Merry Christmas or Me ?

 それから、彼からの連絡は一切ない。もう、彼の方は私の事なんて忘れて幸せになっているに違いない。だって、本当に素敵な人だった。だから、他の女の子が放っておくはずがない。

 たかが半年、されど半年。半年なんて、私にはあっという間だった。忘れるには、まだまだ時間は足りなさすぎる。


────ピロロン

 既にうっすらと白に覆われつつある街並み。目に、ぼんやりと映っていたその街並みが、スマートフォンの着信音が鳴ると同時にはっきりとした。

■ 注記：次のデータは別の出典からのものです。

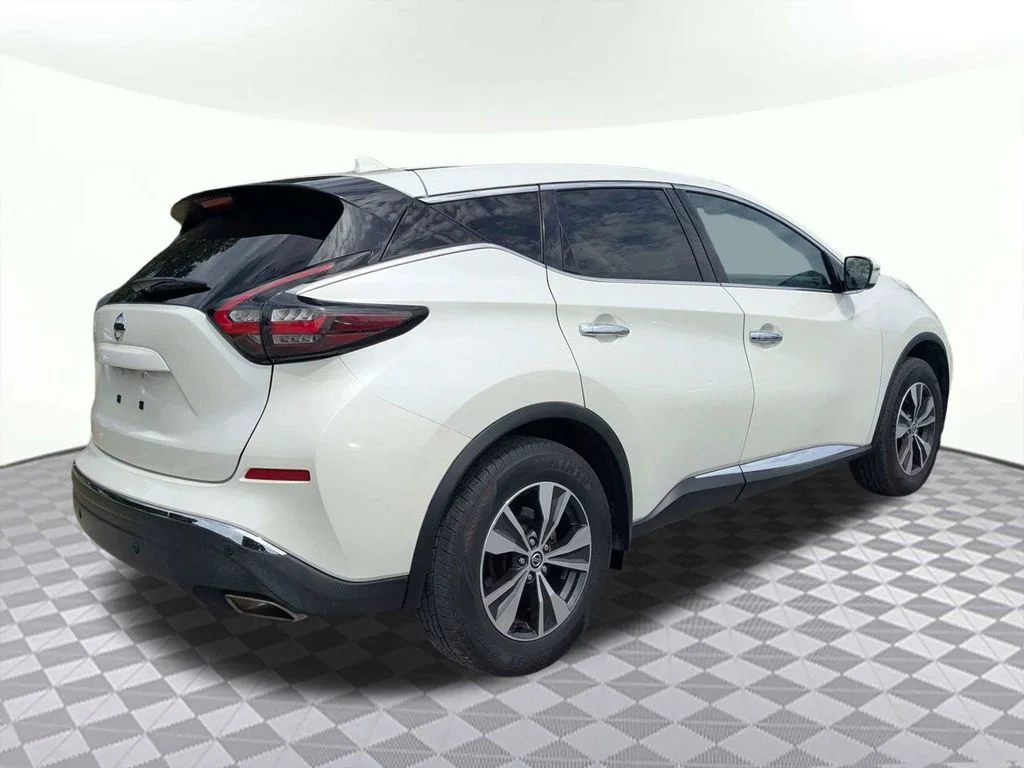 Used 2020 White Nissan S image 3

 私は、一度窓から離れると、ベッドの上に置かれているスマートフォンを手に取った。すると、そのスマートフォンの画面には信じられない人物からのメッセージが通知として映し出されていた。


《マサキ:今、どこにいる?》


 スマートフォンの画面に映し出されていたのは、私が一方的に別れを告げたあの日以来たったの一度だって連絡を取り合っていなかった元彼、片平柾(かたひらまさき)からだった。

 突然すぎる出来事に、あたふたし始めた私は、スマートフォンを片手にどう返すべきなのかを考えた。

 驚いて、嬉しくて、だから、どう返すべきかを考えるこの瞬間ですら夢のようで。私は、ぐるぐると思考回路を回転させた後《一年前の今日と同じ場所》というメッセージを送信した。